Un droit social qui est particulièrement important pour les personnes handicapées est le droit à la liberté de religion. Il faut noter que les infirmités sont un rappel de la fragilité de notre existence et de notre condition mortels - rappel que les membres de la société préfèrent ignorer. La religion peut jouer un rôle majeur en aidant la personne handicapée à comprendre le sens spirituel de sa vie, à voir son infirmité sous un angle positif, et à reconnaître que son incapacité physique ou mentale n'altère pas nécessairement son caractère essentiel d'être humain. Les Bahá'ís pensent que la religion doit être libérée de toute superstition et qu'elle doit vivre en harmonie totale avec le savoir et le progrès scientifique. Il est arrivé trop souvent que des superstitions d'origine religieuse dépassées, stigmatisent socialement ceux qui souffrent d'infirmités, liant implicitement leur infirmité à des forces "mauvaises" et inférieures, ou les associant à la culpabilité. Lorsque la croyance religieuse est libérée de la superstition et s'accorde avec la science, la religion devient une source d'inspiration pour les personnes handicapées et les aide à profiter pleinement des progrès de la médecine, tout en favorisant chez elles l'épanouissement d'une conception positive de la vie qui s'inspire de la reconnaissance de ses fins spirituelles.

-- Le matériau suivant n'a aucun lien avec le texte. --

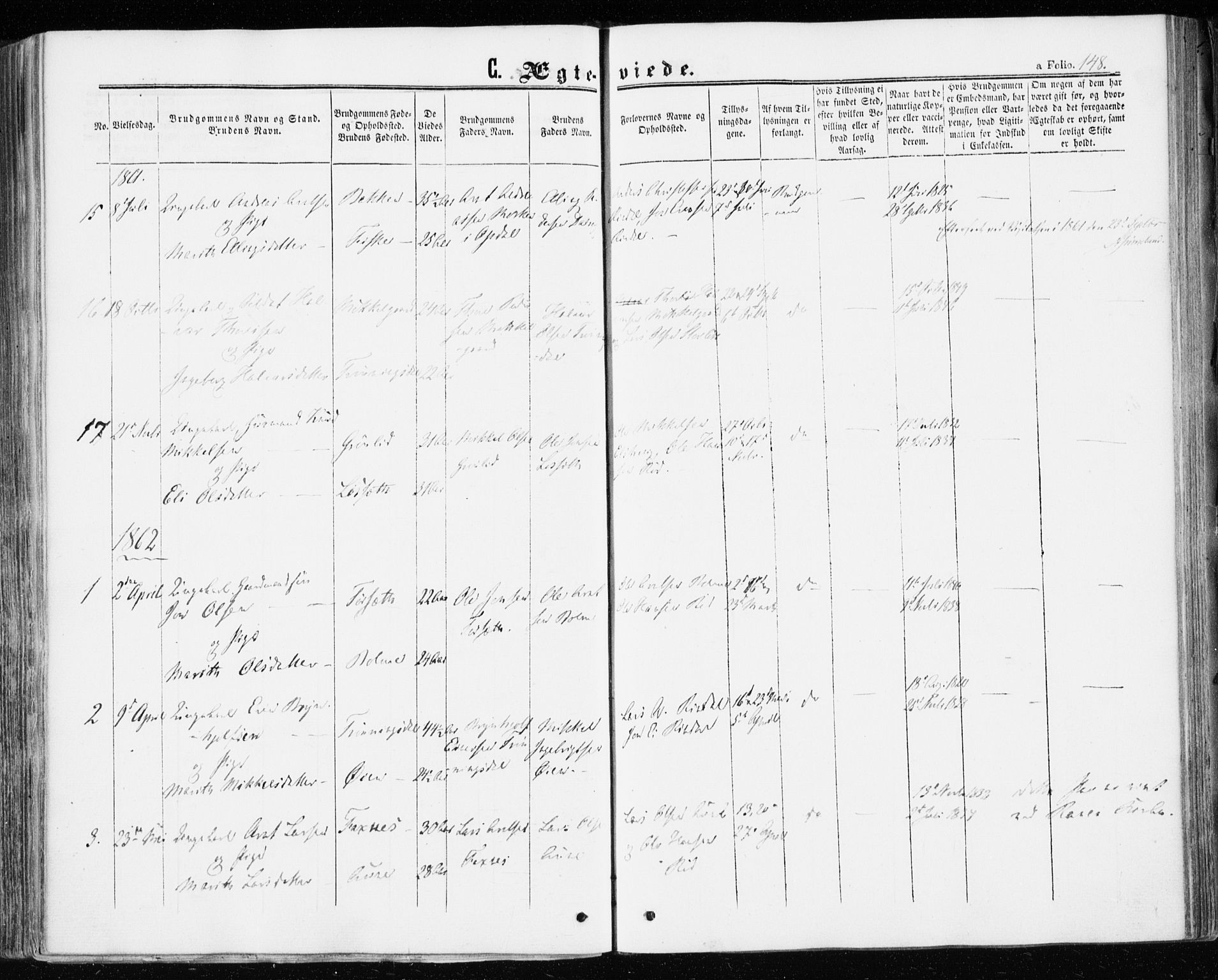 Ministerialprotokoller, klokkerbøker og fødselsregistre - Møre og Romsdal, AV/SAT-A-1454/598/L1067: Ministerialbok nr. 598A01, 1858-1871, s. 148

Enfin, les Bahá'ís pensent que les familles des personnes handicapées peuvent jouer un rôle capital en les aidant à réaliser toutes leurs potentialités. Avoir le sentiment d'appartenir à une famille et être acceptée par les membres de sa propre famille offre à la personne handicapée l'appui et l'encouragement dont elle a tellement besoin pour acquérir le sens de sa propre dignité et de sa propre valeur. Pour les Bahá'ís, la famille est la cellule de base de la société, c'est dans la famille que se forme la conception que l'enfant a du monde, et c'est là qu'il reçoit sa première éducation. Si l'enfant handicapé reçoit amour, encouragement et appui sincère de la part de sa famille, et qu'on lui inculque parallèlement le sens de sa responsabilité à l'égard de la société, il sera beaucoup mieux préparé à vivre son infirmité d'une manière positive et à contribuer au bien-être de la collectivité. Comme il arrive fréquemment que le handicap doive d'abord être accepté par la famille pour que celle ci puisse offrir affection et encouragement à celui qui est handicapé, il importe que les membres de la famille reçoivent le type d'éducation que nous proposons dans la communication écrite présentée à la Sous-commission lors de à sa trente-huitième session. Une éducation visant à aider les membres de la famille à mieux comprendre la nature de l'infirmité et à apprécier les dons et les talents particuliers de celui d'entre eux qui est handicapé.
Une fois de plus, nous exprimons notre appui à M. Despouy pour le travail très important dont il s'est chargé.